Problem to work on ▸ Copy, exactly as written, the lines that begin at the one containing "The command estout" and end at the one containing "Hello, we are". Skip any pictures in the data below.

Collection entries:
---------------
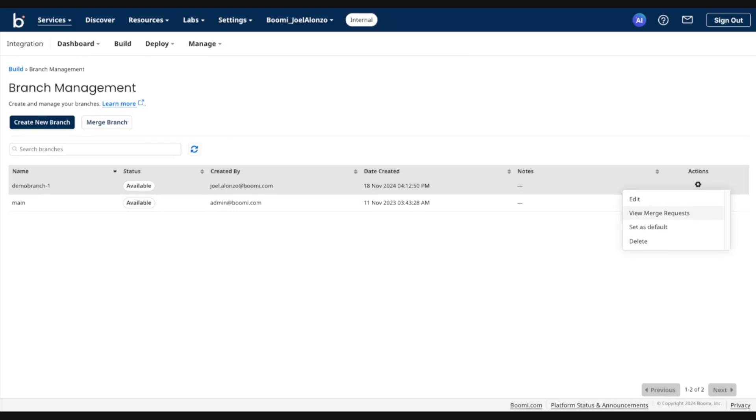In a later demo, we'll showcase the merge flow. But this option here to view merge requests is where you would view any prior or pending merge requests to that destination branch.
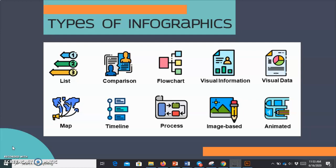The ninth type of infographic is image-based. An image-based infographic uses realistic photos to visualize the information, and text can be added to the photos to further explain about them.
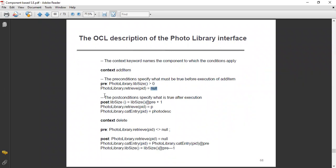In postconditions, the post-conditions specify what is true after execution. The library size will be the precondition value plus one — we add pre plus one. And for photo_library.retrieve, the given interface ID equals P, and the photo description is correct for the catalog entry. That refers to photo_library.catalog_entry.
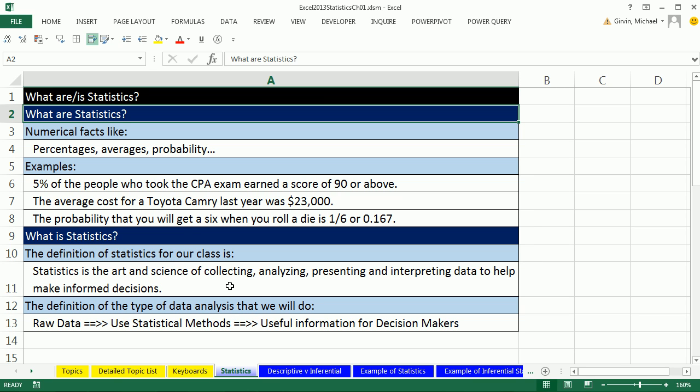Collecting: we're going to have to get the data. Analyzing: converting raw data into useful information. Presenting: that's making charts, graphs, and tables. And interpreting: once we present the data and do our scientific tests, we then have to interpret and make a decision. Now we want to click on Descriptive versus Inferential Statistics.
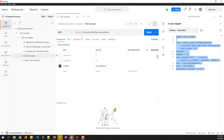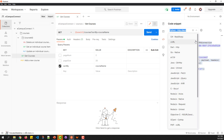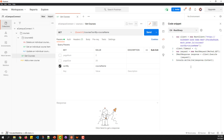Postman supports various languages and frameworks when it comes to each of these HTTP requests. From this dropdown, you can notice the different types of languages supported by Postman for code generation. For example, if you want to do a client implementation in C-Sharp, you can select C-Sharp, and it will immediately generate the corresponding code for that language.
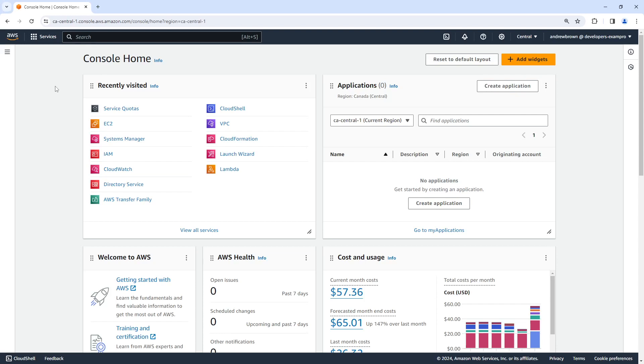Hey, this is Andrew Brown. In this video, we're going to take a look at EC2 Serial Console, which is one of the ways that we can connect to our EC2 instance.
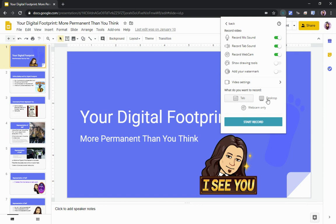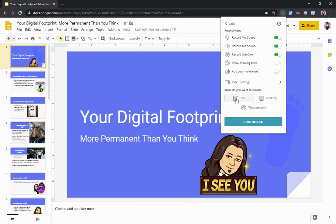Keep in mind this mic/tab sound setting is only on the tab view. If you switch over to desktop, it will automatically shut all those off. You have to determine: am I going to be bouncing back and forth between multiple tabs? If you have multiple sites open and you're jumping back and forth, that's something to keep in mind.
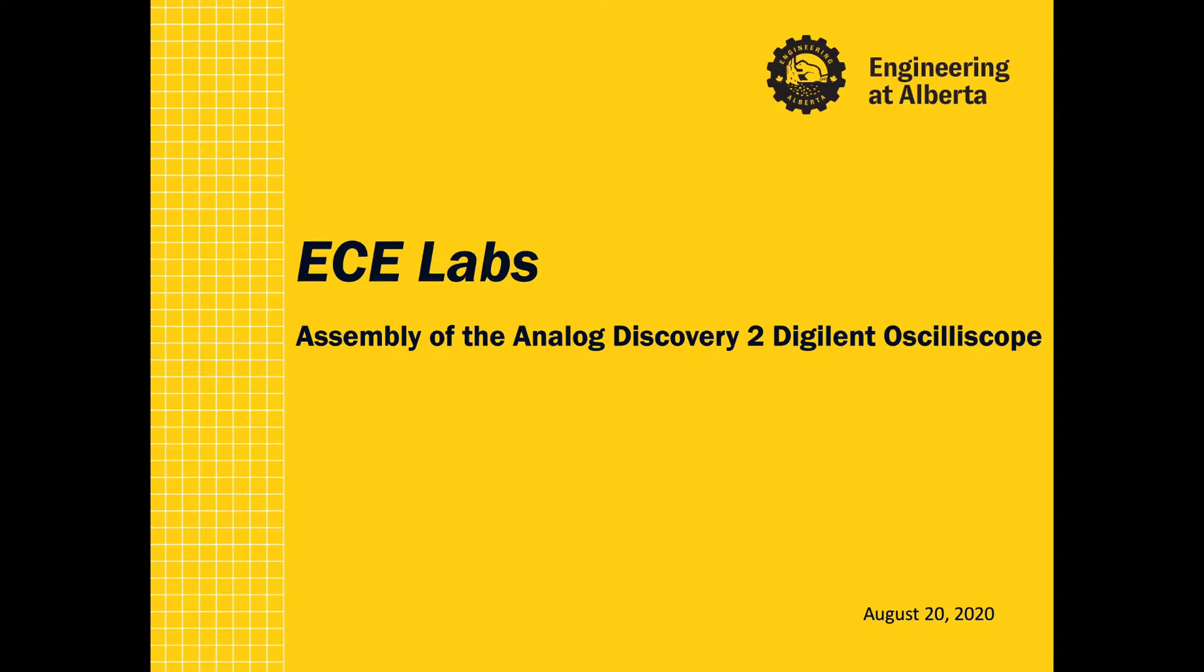Hello. Today we will be discussing how to assemble the Analog Discovery 2 Digilent Oscilloscope.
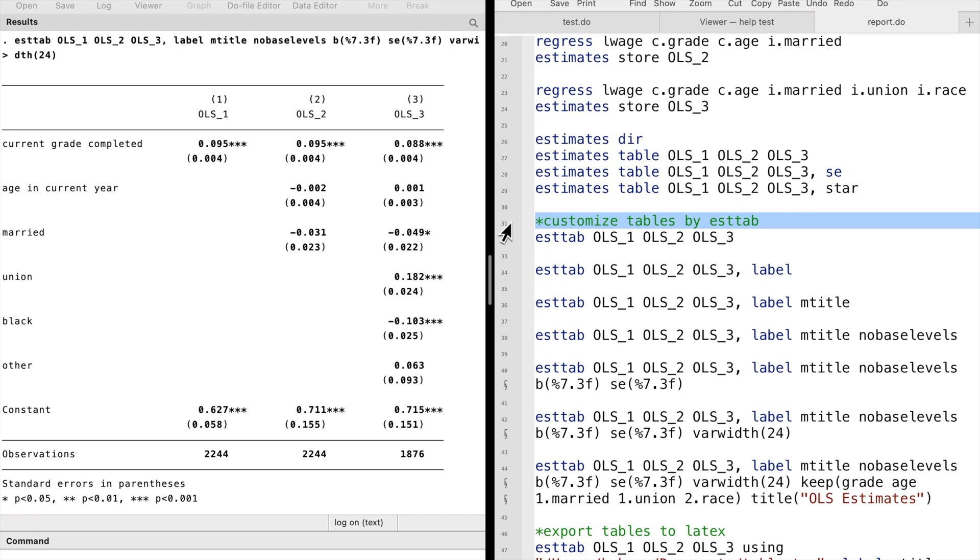The command estout provides more beautiful and professional tables. We can generate a custom table using the estout command and export the table to Word or LaTeX.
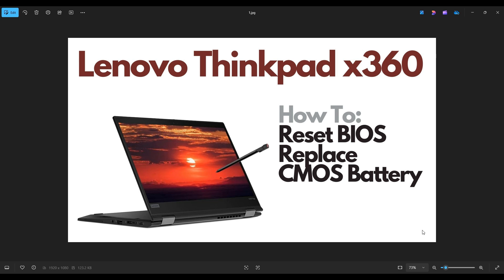Hello everyone, my name is Jamin. Thanks so much for visiting my channel. In this video, I have a Lenovo ThinkPad X360 computer. I'm going to show you how to get inside and access your CMOS battery.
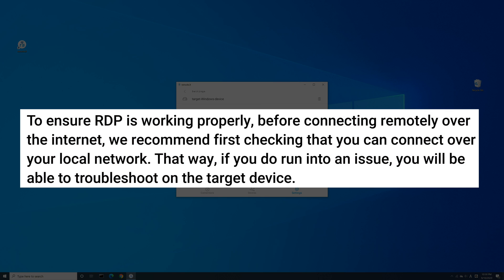To ensure RDP is working properly, before connecting remotely over the internet, we recommend first checking that you can connect over your local network. That way, if you do run into an issue, you'll be able to troubleshoot on the target device.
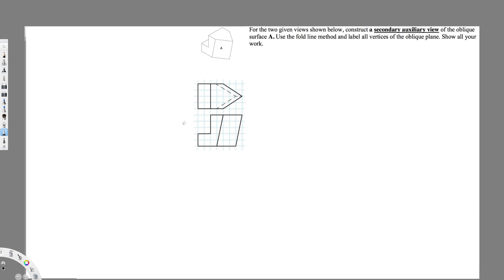The first thing I have to do is name the vertices, so one, two, three, four. From the top view, this is going to be my one, this is my two, this is three, and four. And from the front view, this is going to be my one, two, three, four.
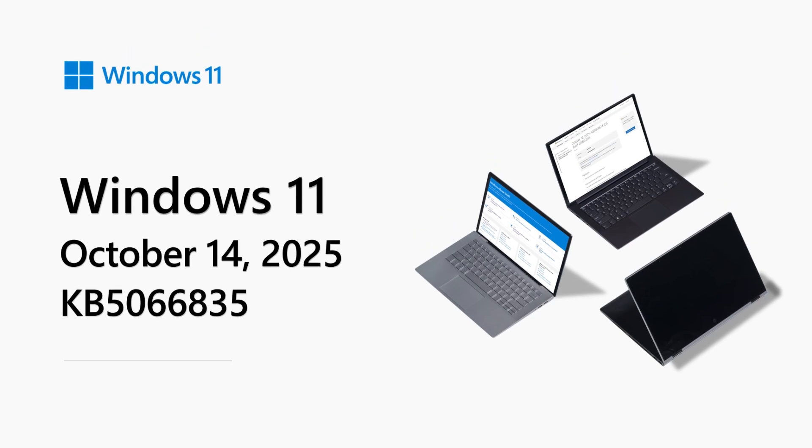Hi, my name is Andrew Talevich, and I'm a member of the Windows Servicing and Delivery team at Microsoft. Welcome to the Windows 11 release notes for October 2025.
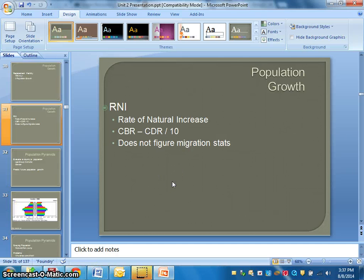Thank you for watching this video. When we come back, we'll be talking about population pyramids.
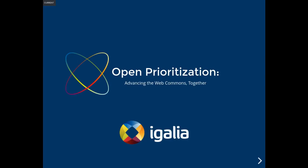Hello, we are here to announce our new open prioritization experiment. As we presented our idea to friends, they had several questions, so we're going to answer those questions for you as well. Before we get started, Brian, will you please explain the idea?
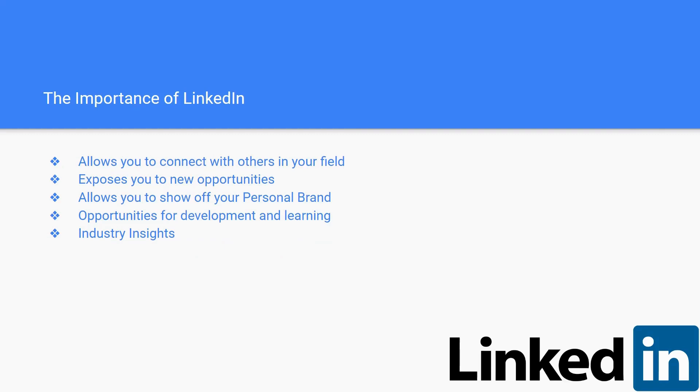It creates opportunities for development and learning. All of these things are what you make of them. If you put yourself out there, LinkedIn can help you. This plays into the industry insights where you can find where you fit in better based on previous people used in your industry.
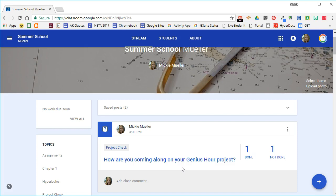But I could use a multiple choice question as a check for understanding, as a bell ringer, or as an exit ticket. Any of those options would be great for a multiple choice question.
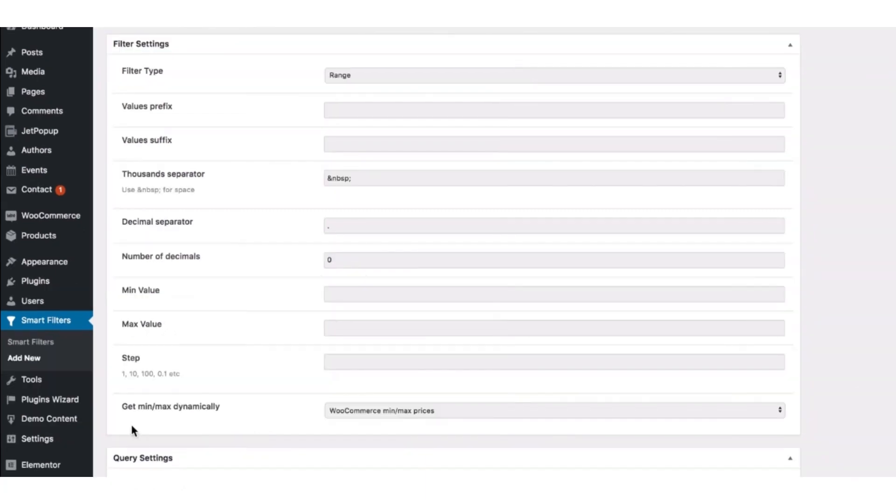So here if you wish, you can add value prefix and the value suffix. Here you can also insert a thousand separator. You can insert for space. You can also choose the decimal separator and the number of decimals.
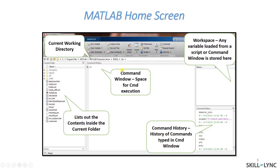The center part is called the command window, which is the space for command execution. If you want to load data into your workspace, define a variable, open any specific application, open a program, or open a model — anything and everything can be done through the command window. The command window is basically the talking point between the developer and the tool.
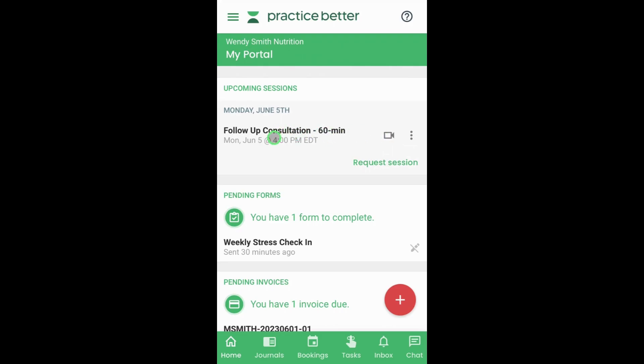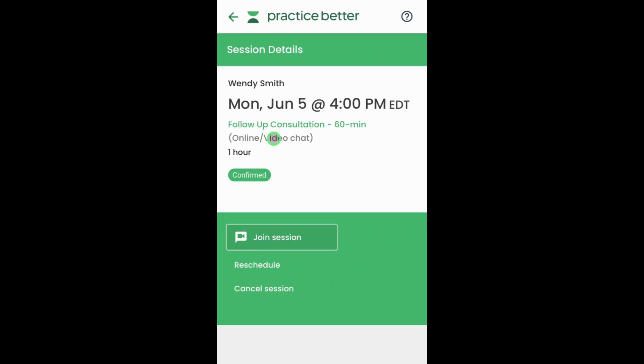You can also choose to tap on the session date, which will then redirect you to the session details page. From here, you can tap on the join session button below.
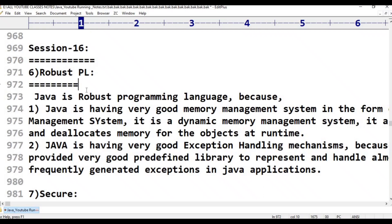How Java programming is robust? The interviewer will ask: how can you say Java is a robust programming language? If we understand what makes a programming language robust, then we will automatically understand whether Java is a robust programming language or not.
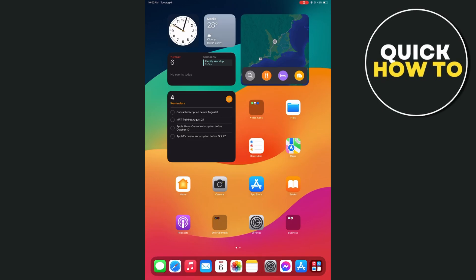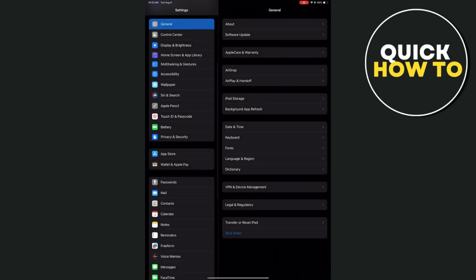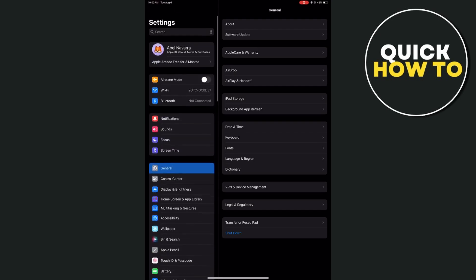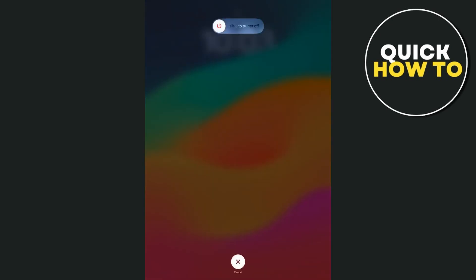Right from here, go to General. Here in General, as you can see at the bottom, you'll find the shutdown option. Tap on the shutdown button and here just need to slide to power off.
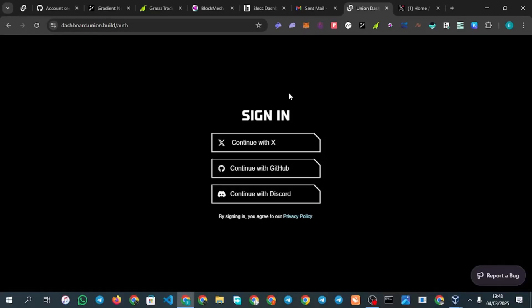Welcome back guys. In today's video we are going to be talking about the Union Build testnet. This is a testnet you should not miss out on. This is not a referral-based airdrop — it is your work rate that can actually help you earn more from this airdrop, in case it launches successfully.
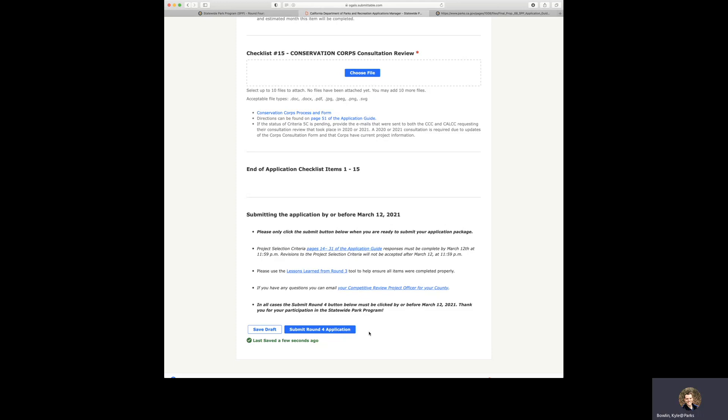Again, use the lessons learned from Round 3 tool to help ensure all items were completed properly. And if you have any questions, you can email your competitive review project officer for your county. Here is a link to that right here. We do want to thank you for participation in the Statewide Parks program. And thank you for watching this video. Have a great day.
---------------
Solution below ▸
The command estout provides more beautiful and professional tables. We can generate a custom table using the estout command and export the table to Word or LaTeX.
Hello everyone, my name is Jamin. Thanks so much for visiting my channel. In this video, I have a Lenovo ThinkPad X360 computer. I'm going to show you how to get inside and access your CMOS battery.
To ensure RDP is working properly, before connecting remotely over the internet, we recommend first checking that you can connect over your local network. That way, if you do run into an issue, you'll be able to troubleshoot on the target device.
The first thing I have to do is name the vertices, so one, two, three, four. From the top view, this is going to be my one, this is my two, this is three, and four. And from the front view, this is going to be my one, two, three, four.
Hi, my name is Andrew Talevich, and I'm a member of the Windows Servicing and Delivery team at Microsoft. Welcome to the Windows 11 release notes for October 2025.
Thank you for watching this video. When we come back, we'll be talking about population pyramids.
Hello, we are here to announce our new open prioritization experiment. As we presented our idea to friends, they had several questions, so we're going to answer those questions for you as well. Before we get started, Brian, will you please explain the idea?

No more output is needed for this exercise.